Il faut reconnaître que le grand homme ne simplifie pas une intrigue passablement tordue, comme seul Yann peut en jeter dans la friture. Car qui dit Sinatra, dit famille. Vous voyez le genre. Et par le plus grand des hasards, les années 60, c’est la décennie de la mafia, le jeu des familles qui veulent prendre le contrôle de Las Vegas.


Années 60… C’est là que mon sang n’a fait qu’un tour. Entre deux volées de gifles, Frankie sirupe Strangers in the night. Bingo ! L’erreur, la perle de pinaillage : Strangers, c’est la fin des années 60, facile, alors que l’action, les tacots et les décors de Las Vegas, c’est 62-63 par là. Pour une série qui surfe entre les balises de l’Histoire, voilà la belle boulette.



Pas du tout ! “La série Pin Up évolue, m’explique Yann. Dottie dépendra moins de l’exactitude historique : elle appartiendra aux années 60, sans indication plus précise. Nous nous permettrons quelques libertés qui serviront l’histoire plutôt que l’Histoire.” Raté. Si on se met à réorienter les séries pour couper l’herbe sous le pied des pinailleurs… Qui ne manqueront pas de relever que le Bunny One, l’avion que Hugh Hefner arma en 1971, sort ses flaps six ans trop tôt dans Las Vegas, et pour les mêmes raisons.



Car M. Playboy fait son entrée par la bande (dessinée) dans la vie de Dottie. Il lui offrira même un emploi. Pas celui d’une Bunnie, ni d’une playmate en poster du mois, petits cochons. A vous de le découvrir dans les deux albums qui composeront cette époque. Deux albums et pas trois comme pour les deux précédentes sagas ?
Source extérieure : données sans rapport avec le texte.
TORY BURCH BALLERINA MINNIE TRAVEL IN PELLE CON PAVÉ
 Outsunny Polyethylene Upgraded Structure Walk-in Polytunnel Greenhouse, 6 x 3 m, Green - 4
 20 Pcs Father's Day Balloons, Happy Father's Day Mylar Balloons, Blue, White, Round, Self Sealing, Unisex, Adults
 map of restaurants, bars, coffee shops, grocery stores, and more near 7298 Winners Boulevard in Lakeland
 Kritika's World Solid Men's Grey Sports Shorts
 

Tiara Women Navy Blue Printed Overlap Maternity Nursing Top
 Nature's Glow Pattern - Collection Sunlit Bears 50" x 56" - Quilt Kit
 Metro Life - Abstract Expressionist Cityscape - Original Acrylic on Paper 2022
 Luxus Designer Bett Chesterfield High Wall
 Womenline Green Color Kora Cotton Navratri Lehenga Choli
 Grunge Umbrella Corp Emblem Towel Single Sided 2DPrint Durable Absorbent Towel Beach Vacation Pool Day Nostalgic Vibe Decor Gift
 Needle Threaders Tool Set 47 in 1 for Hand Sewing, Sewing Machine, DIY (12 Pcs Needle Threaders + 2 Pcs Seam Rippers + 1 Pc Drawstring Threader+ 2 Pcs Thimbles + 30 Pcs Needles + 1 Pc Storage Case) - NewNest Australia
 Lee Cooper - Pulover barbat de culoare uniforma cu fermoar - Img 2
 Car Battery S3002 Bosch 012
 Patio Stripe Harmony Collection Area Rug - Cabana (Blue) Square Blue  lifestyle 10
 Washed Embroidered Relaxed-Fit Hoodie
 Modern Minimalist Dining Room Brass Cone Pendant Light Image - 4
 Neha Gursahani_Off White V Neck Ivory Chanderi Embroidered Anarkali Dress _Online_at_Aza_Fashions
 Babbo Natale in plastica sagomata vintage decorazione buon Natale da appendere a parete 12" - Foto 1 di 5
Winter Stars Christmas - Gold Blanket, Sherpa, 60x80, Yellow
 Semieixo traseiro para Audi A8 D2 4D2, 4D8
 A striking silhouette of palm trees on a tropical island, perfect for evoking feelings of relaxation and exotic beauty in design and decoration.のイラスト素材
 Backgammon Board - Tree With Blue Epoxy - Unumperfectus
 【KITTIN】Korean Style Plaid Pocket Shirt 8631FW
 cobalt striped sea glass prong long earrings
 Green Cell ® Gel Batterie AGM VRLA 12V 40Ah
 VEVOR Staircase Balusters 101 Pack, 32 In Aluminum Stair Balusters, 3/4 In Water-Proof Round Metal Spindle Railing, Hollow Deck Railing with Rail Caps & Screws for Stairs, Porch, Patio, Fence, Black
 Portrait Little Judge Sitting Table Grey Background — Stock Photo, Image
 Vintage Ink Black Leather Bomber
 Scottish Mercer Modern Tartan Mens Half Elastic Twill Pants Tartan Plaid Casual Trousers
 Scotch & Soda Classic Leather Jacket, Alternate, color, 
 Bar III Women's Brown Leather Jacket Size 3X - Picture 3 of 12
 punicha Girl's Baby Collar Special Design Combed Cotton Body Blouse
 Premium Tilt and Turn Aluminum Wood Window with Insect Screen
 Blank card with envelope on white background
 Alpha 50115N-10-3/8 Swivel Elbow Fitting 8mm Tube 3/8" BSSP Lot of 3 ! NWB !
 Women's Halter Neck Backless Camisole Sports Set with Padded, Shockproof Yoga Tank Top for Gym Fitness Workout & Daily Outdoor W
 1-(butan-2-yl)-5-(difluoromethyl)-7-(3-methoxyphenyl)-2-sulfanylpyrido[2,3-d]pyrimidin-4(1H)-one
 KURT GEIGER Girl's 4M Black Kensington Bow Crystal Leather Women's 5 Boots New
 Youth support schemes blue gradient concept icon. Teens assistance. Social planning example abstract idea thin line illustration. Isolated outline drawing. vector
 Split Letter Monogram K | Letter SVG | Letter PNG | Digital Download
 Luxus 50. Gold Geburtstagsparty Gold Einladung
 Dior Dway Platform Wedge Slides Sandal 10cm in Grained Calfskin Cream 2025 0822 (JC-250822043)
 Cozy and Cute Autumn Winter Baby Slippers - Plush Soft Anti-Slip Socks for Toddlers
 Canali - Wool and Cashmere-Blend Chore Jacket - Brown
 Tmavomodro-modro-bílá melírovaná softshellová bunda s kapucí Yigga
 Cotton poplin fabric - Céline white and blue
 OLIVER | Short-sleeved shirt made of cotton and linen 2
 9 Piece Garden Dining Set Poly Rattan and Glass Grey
Philippe Berthet : “On s’est rendu compte que le rythme d’une époque en trois ans, c’était trop long. Comment ‘vendre’ un deuxième album ? Ce n’est pas le début, il ne comporte pas la fin. C’est une sorte de bâtard que les lecteurs n’affectionnent pas. Deux volumes, cela nous oblige à resserrer l’action. Je travaille en ce moment sur les six premières planches du second épisode, et ça démarre en force.”



A nouveau rythme, nouvelle méthode de travail ? Je me suis laissé dire que tu poussais moins loin les crayonnés ?


Philippe Berthet : “En fait, pour des raisons éditoriales, je fournissais mes crayonnés poussés à l’extrême, qui étaient ensuite scannés. Ce n’est qu’après que je passais à l’encrage. Maintenant, l’étape de reproduction des crayonnés a été supprimée. Je puis donc corriger plus librement à l’encrage les choses qui ne me plaisent pas dans les crayonnés.”



Comme si la décontraction du dessinateur rejaillissait sur le scénariste (à moins que ce ne soit le contraire), les cases sont émaillées de clins d’œil, d’allusions. N’est-ce pas, M. Schlirfopoulos ? Un nouveau jeu : découvrir les personnages cachés dans les pages de la série Pin Up, dont plus personne n’osera dire qu’elle ne s’adresse pas à toutes les tranches d’âge.Hé oui ! Dottie plonge dans le bain polar pour notre plus grande joie, comme disent les dossiers de presse. En quelque sorte, elle rejoint les rangs des ladies détectives. Rassurez-vous, elle a devant elle quelques belles années avant que, de dos, on ne la confonde avec miss Marple.